◆ About this exercise
When you find the line with "미우미우(MIU MIU) 체크 로고 자수 셔츠 상의 의류" among the records below, reproduce it and each line after it exactly, ending with the line with "Dastoor Lehenga Set".

◆ Data records
_____

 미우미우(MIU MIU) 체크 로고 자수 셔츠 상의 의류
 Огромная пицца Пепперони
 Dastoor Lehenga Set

_____

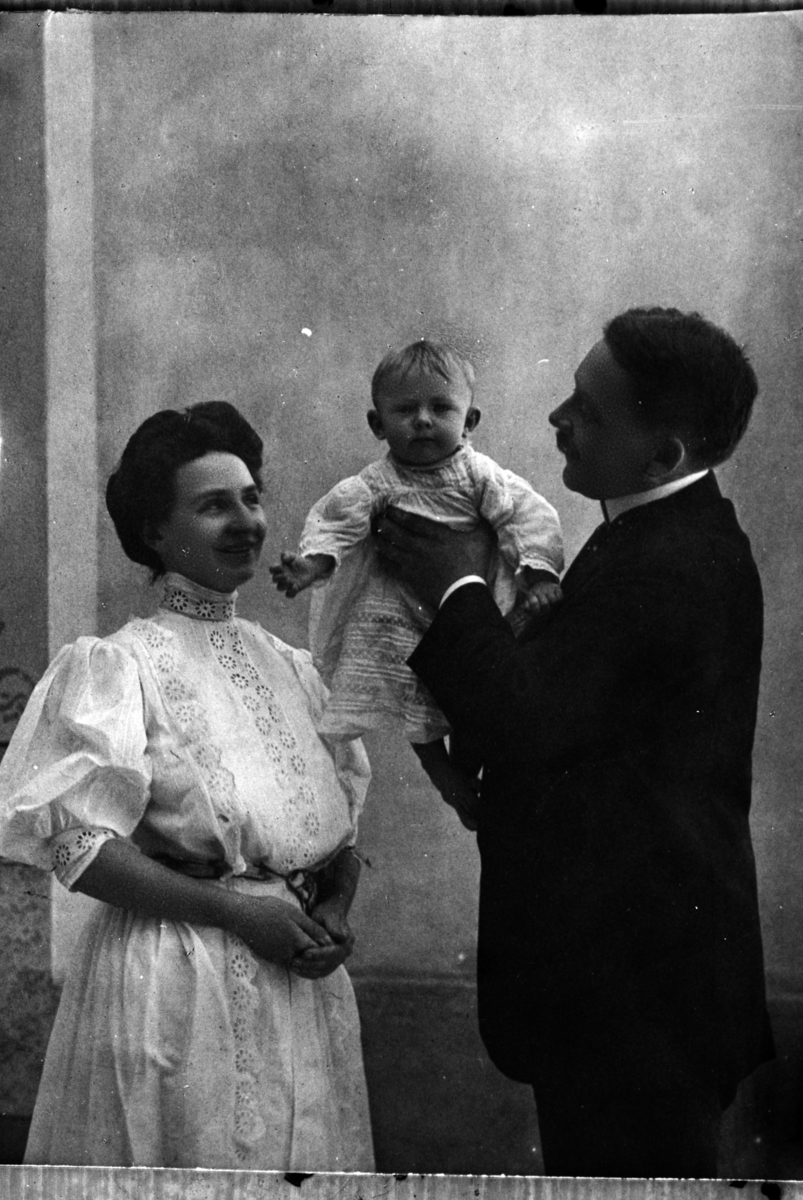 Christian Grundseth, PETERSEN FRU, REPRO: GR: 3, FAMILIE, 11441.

_____

◆ Answer for this exercise
 미우미우(MIU MIU) 체크 로고 자수 셔츠 상의 의류
 Огромная пицца Пепперони
 Dastoor Lehenga Set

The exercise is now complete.